Your code says to the programmer that you want a default, because we are used to this (although I'd ask about this is a code review because I'd want to know why 0 can't be a valid value). However, the code actually says to logically combine two, two-valued (true/false) values to come up with a value:
$self->{'CONST'} = $args{'CONST'} || $CONST;
But, what you really want it a set of defaults. Instead of fixing up the object (especially by direct access to its data structure), perhaps you fix up the incoming arguments so it has the default values before you create the object. I find this a bit cleaner because the object doesn't think about two paths:
sub new {
my ($class, %args) = @_;
$args{'CONST'} = $CONST unless $args{'CONST'};
my $self = bless { }, $class;
...
return $self;
}
That may also show up as something like this, where you get rid of the conditional by letting later key-value pairs overwrite the ones from $defaults
:
sub new {
state $defaults = { CONST => $CONST };
my ($class, %args) = @_;
%args = ( %$defaults, %args );
my $self = bless { }, $class;
...
return $self;
}
After this, you might want a step to validate the arguments, where you can catch someone passing in a bad value. If you truly don't want someone to use 0
as a CONST
value, I'd really like a warning (or exception, whatever) that the explicit value I passed in was not valid. Your original code silently replaces it, so I don't find out that the value I gave you was ignored. In moving around the code to stop using a logical operator, you're led to a better situation again.

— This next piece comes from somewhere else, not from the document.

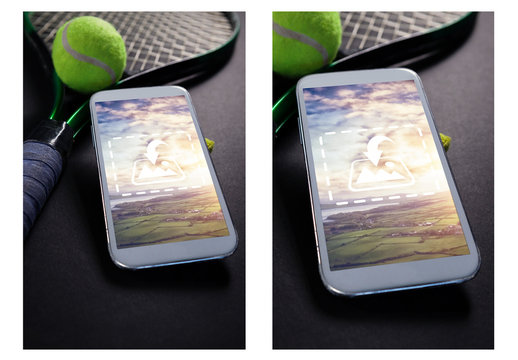 Mobile Phone with Tennis Equipment Mockup 1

This has often turned out much better for my code because I now have an easy way to specify and assign defaults. I merely add new defaults in one place that is clearly marked as default values. If I have another default value, the structure of my code does not change.
I much prefer for the structure to be stable (there's this thing called the 0,1,Infinity rule) than to make weird adjustments to external tools, which you then must pass on as lore to future people who have to deal with the code.